> TASK DESCRIPTION
Print the listing exactly as it stands. Skip every picture.
(Beginning of DATA)
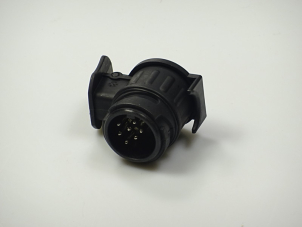 Vetokoukun pistokkeen sovitin 13 nap. -7 napaiseen Volvo 8685525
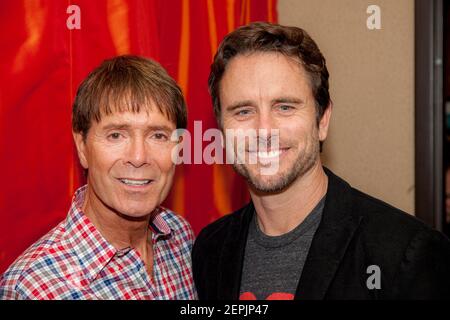 La pop star inglese Sir Cliff Richard con l'attore americano Charles Esten dietro le quinte al Grand Ole Opry, Nashville, Tennessee, USA Foto Stock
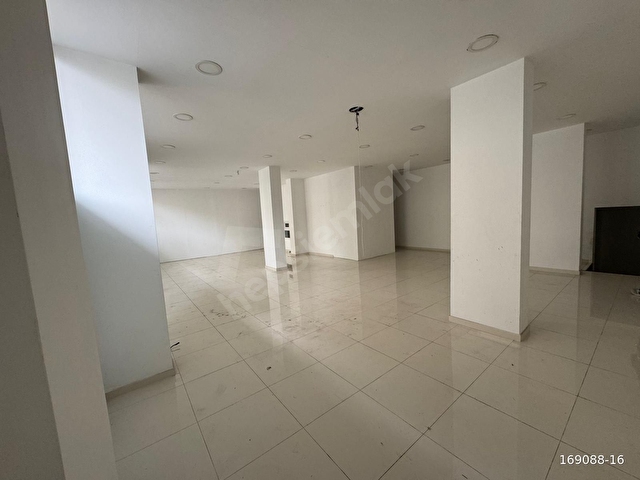 ÇAMÇEŞMEDE 450 M2 DÜZ GİRİŞ BAKIMLI KİRALIK İŞ YERİ - Görsel 6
(End of DATA)
> RESPONSE TO THE TASK
 Vetokoukun pistokkeen sovitin 13 nap. -7 napaiseen Volvo 8685525
 La pop star inglese Sir Cliff Richard con l'attore americano Charles Esten dietro le quinte al Grand Ole Opry, Nashville, Tennessee, USA Foto Stock
 ÇAMÇEŞMEDE 450 M2 DÜZ GİRİŞ BAKIMLI KİRALIK İŞ YERİ - Görsel 6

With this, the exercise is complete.